Education and Social Mobility in Scotland in the Twentieth Century Working Paper 3 PATTERNS OF SOCIAL MOBILITY : A COMPARATIVE STUDY OF ENGLAND , WALES AND SCOTLAND

We use the life history data in the British Household Panel Study to analyse change over time (birth cohorts) in patterns of social mobility in England, Scotland and Wales, and to compare these three countries. In several respects, our conclusions are similar to those reached by other authors on the basis of wider comparisons. There has been a large growth in non-manual employment since the middle of the twentieth century. This led first to a rise in upward mobility, but, as parents of younger people have now themselves benefited from that, has more recently induced a growth in downward mobility: more people are forced downward from their middle-class origins.

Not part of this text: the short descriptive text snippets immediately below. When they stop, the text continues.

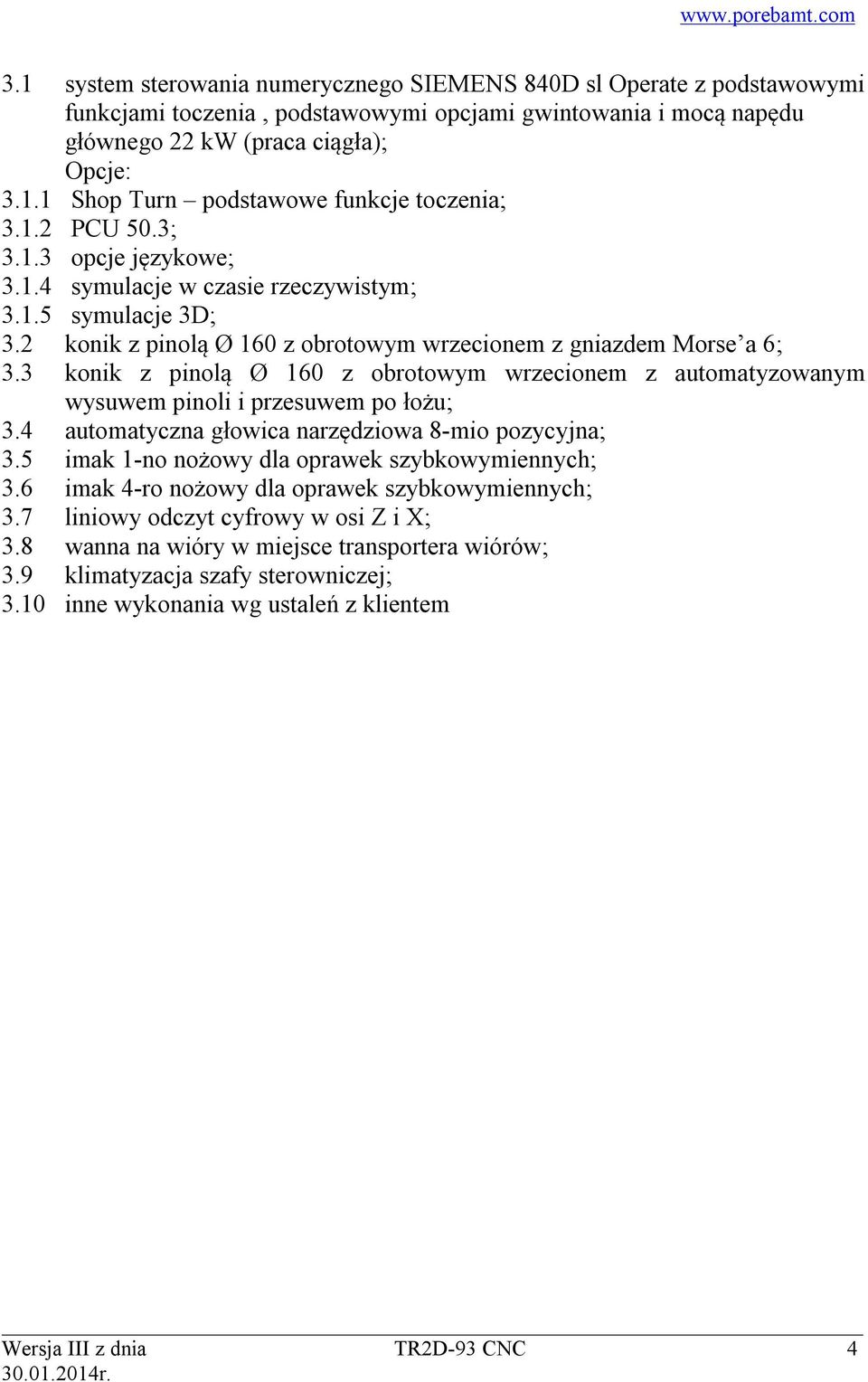 3 konik z pinolą Ø 160 z obrotowym wrzecionem z automatyzowanym wysuwem pinoli i przesuwem po łożu; 3.4 automatyczna głowica narzędziowa 8-mio pozycyjna; 3.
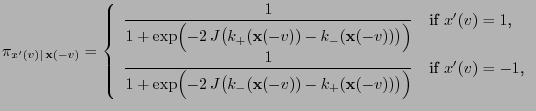$\displaystyle \pi_{x^\prime(v)\mid\, {\mathbf{x}}(-v)} = \left\{\begin{array}{l...
...+({\mathbf{x}}(-v))\bigr)\Bigr)}&\mbox{if $x^\prime(v)=-1$,} \end{array}\right.$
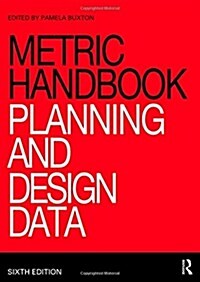 Metric Handbook : Planning and Design Data (Hardcover, 6 New edition)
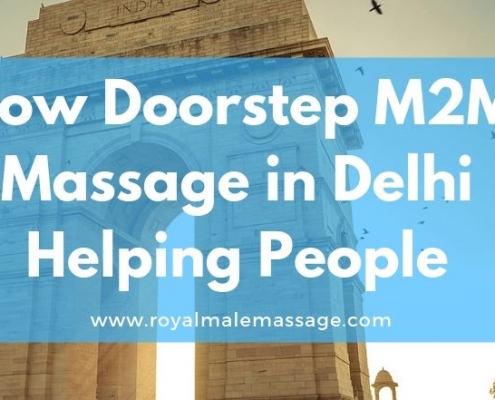 How Doorstep M2M Massage in Delhi Helping People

As in other places, and other analyses of Britain, these changes have largely not been a growth in what Erikson and Goldthorpe call ‘social fluidity’: it is change induced by the occupational structure, not by the relative chances of ending up in certain destinations having started at specified points. These conclusions apply both to current class (in 1999) and to the class which people entered when they first entered the labour market. We found that education does not explain patterns of mobility at either initial class or current class, and that initial class does not explain patterns of mobility at current class. The conclusions were broadly the same for the three countries, but there was some evidence that in the youngest cohort (people born between 1967 and 1976) experience in Wales was diverging from that in England and Scotland, with rather greater amounts of downward mobility. We draw also two methodological conclusions. The first is that migration within the UK did not seem to make any important difference to our results. That is encouraging for analysis of surveys confined to one of the three countries, because it suggests that losing track of migrants would not distort the results. The second methodological conclusion is that the comparative study of social mobility can find interesting topics to investigate at social levels lower than that of the state, here the comparison of the three countries which make up Britain.